By this time, Helen had become thoroughly enmeshed in Easter as the best of days. She liked the softer colors, the hidden eggs, and found it a gentler celebration. She put up with Christmas, but she loved Easter. Marc was not thrilled with Christmas, but he liked the gifts. He preferred taking each time of year in his stride and not looking too far ahead in the future. One Christmas night, Dave had left for work, the dinner had been put away and the kitchen tidied. I was sitting in a chair watching Marc play with one of his new toys (a truck or a tractor, I believe) and Helen had been looking at her new book. Helen suggested they play a game about the Easter Bunny. Marc vetoed the plan. She said, “You be the Easter Bunny and I’ll be a girl coming along the path . . .” and Marc again vetoed it stronger than before.
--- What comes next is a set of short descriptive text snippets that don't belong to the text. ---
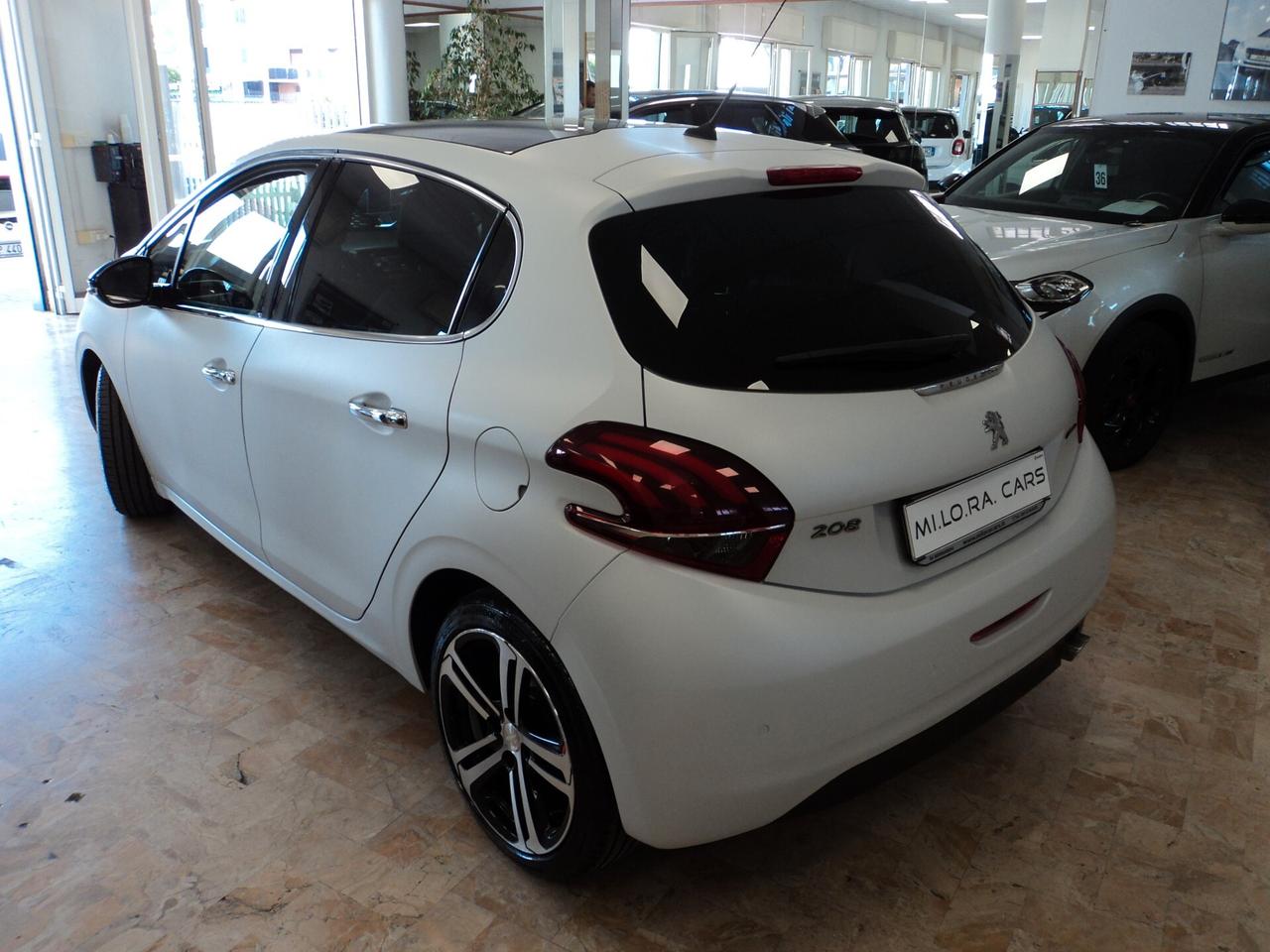 Peugeot 208 BlueHDi 100 5p. GT Line ICE White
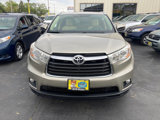 Used 2014 Toyota Highlander XLE image 2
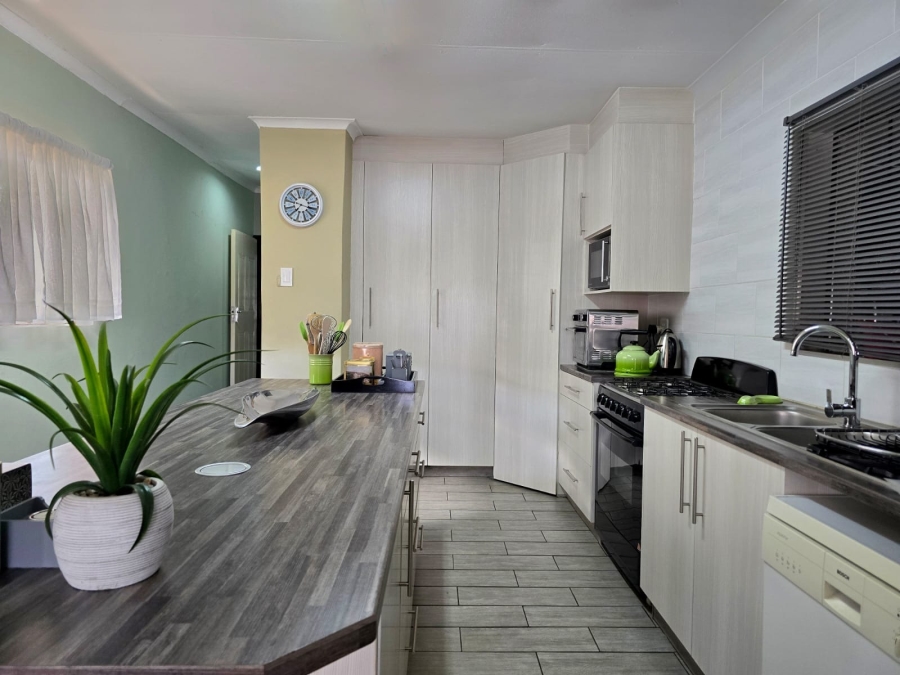7 Bedroom Property for Sale in Homestead Apple Orchards Gauteng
She was silent a bit and then tried once again. “OK, Marc, it’s still Christmas but you are the Easter Bunny and I’ll come along singing a carol and then be surprised that the Easter . . . “ Whereupon Marc had enough, “Ain’t goin’ to be no son-a-bitchin’ Easter Bunny!” he exclaimed and took his toy to the other end of the living room. While I wasn’t pleased with his language, I had to stifle the laughter. Then I saw that Helen was actually holding a basket with plastic Easter Eggs she had dug out of the toy box to hide and find. I could hardly wait to tell Dave.
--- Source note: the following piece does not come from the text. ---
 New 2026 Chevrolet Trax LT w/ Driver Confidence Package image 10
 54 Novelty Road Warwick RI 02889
Obtaining the correct tree is an art. I don’t have the correct skills for the project. We used to cut our own. I think it was our third or fouth year of marriage that we had the tree that kept toppling over. We were using the stand that I had owned as a single for small trees. This was a large tree and the stand kept bending, spilling a couple gallons of water and breaking an ornament or two with each topple. We solved the problem by making a special trip out to buy a new stand. That tree was always a little askew, but there are no ugly Christmas trees.

After we moved to our first mobile home in February of 1970, trees were acknowledged to be something that would take up most of the small space that consisted of our living room. We went out on a near blizzard Saturday to cut down our tree. None of them were tall enough, full enough, dense enough to suit me. Dave would dutifully stand next to each tree I found and I would decide against it. The tree finally chosen was cut down, paid for and tied to the car with Dave protesting it was too big. I kept reassuring him with my best “Mother-knows-best” smile that I would trim it and make a wreath and we would have two decorations for the price of one. In truth, I did do a lot of decorating with hand-made, inexpensive decorations designed from Christmas wrap or twigs and berries I found on walks.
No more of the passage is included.